Frankie offers Cassandra $2,000 -- a lot more than Sam Spade ever got -- to find her husband Ben, who is hiding out in Barcelona. Frankie says she separated from Ben, who she says is gay. She needs him to sign some important papers.

Cassandra trips off to Spain and Barcelona where she finds, as they say in Gothic novels, Frankie is not all she seems. In fact, she's hardly anything she seems.

Frankie's a transsexual. When she was a college boy she fathered a child named Delilah with Ben, who is now a very butch woman. Ben's got almost as many muscles as Arnold Schwarzenegger. Cassandra's got herself into the middle of a more or less comic child custody case.

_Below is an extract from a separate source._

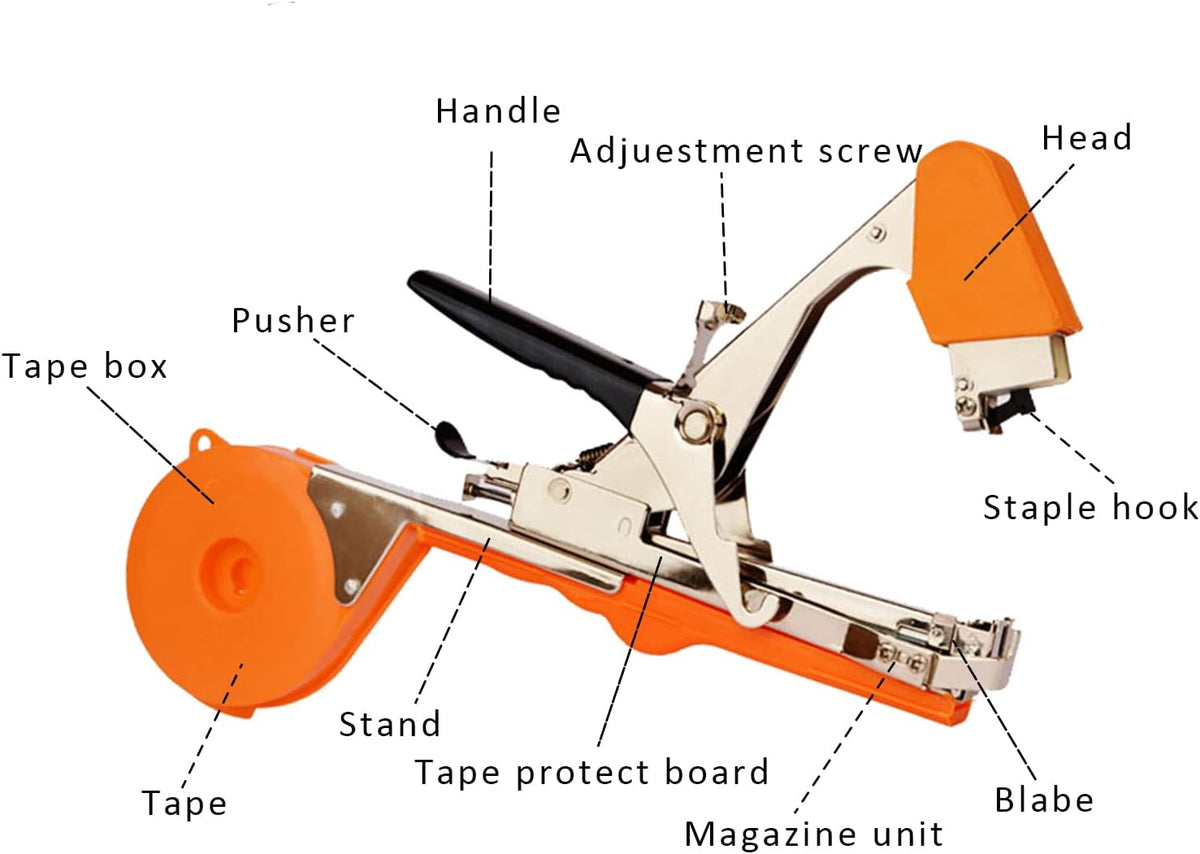 Plant Tying Machine,Plant Vine Tying Machine Tool with 10000pcs Staples 20 Rolls Tape Plant Tape Gun for Grapes,Raspberries,Tomatoes,and Vining Vegetables Tying Tool （Black）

"Gaudi Afternoon" is awash in maternal longings. Everyone wants to mother Delilah, except Cassandra and April, a foot masseuse who is Ben's current lover, but including a gay saxophone player.

Delilah keeps disappearing with her current substitute Mom. Cassandra keeps zipping around Barcelona looking for her.

Barbara Wilson finds the perfect setting for her slightly askew mystery in Barcelona, a city whose emblematic architect is Antonio Gaudi, the grand manipulator of natural organic forms. Cassandra spends several gaudy afternoons and a couple of fairly spectacular evenings prowling through Gaudi's creations.

Cassandra locates Ben and April (and Delilah) at 261 Provenca, which turns out to be Casa Milia, a Gaudi-designed apartment building Cassandra calls La Pedrera, its local name which means the stone quarry. Cassandra has a fairly wise talk with Frankie about modern family life in Gaudi's masterpiece: the still unfinished Sagrada Familia cathedral, the church of the Holy Family.

Wilson describes the Sagrada Familia with absolute fidelity as looking as if "a giant hand had been playing on the beach and had dropped wet sand, layer after layer, to form a series of towers that began lumpishly and ended in filigreed elegance."

Wilson's a sharp and amusing writer who propels her "Gaudi Afternoon" along with -- and verve and a sort of enlightened intelligence. (Cassandra is nothing if not intelligent and she's got a host of remarkable friends: Ingrid Biritsdotter, the Icelandic volcano expert, Nicola Gibbons, the accomplished bassoonist and Vivaldi expert, Ana, the architect who creates fantasy houses for the small children of the wealthy.)

She's told a detective story without violence, murder, mayhem, massacre, or even explicit sex although there are a couple of sly double entendres. She pays an homage to Dashiell Hammett when Cassandra tells the gay saxophonist she's Brigid O'Shaughnessy. Brigid O'Shaughnessy, of course, is the woman Sam Spade won't play the sap for in "The Maltese Falcon."

Barbara Wilson, by the way, is also a translator. She's won prizes for her translations -- from the Norwegian.

This book is available from the Enoch Pratt Library.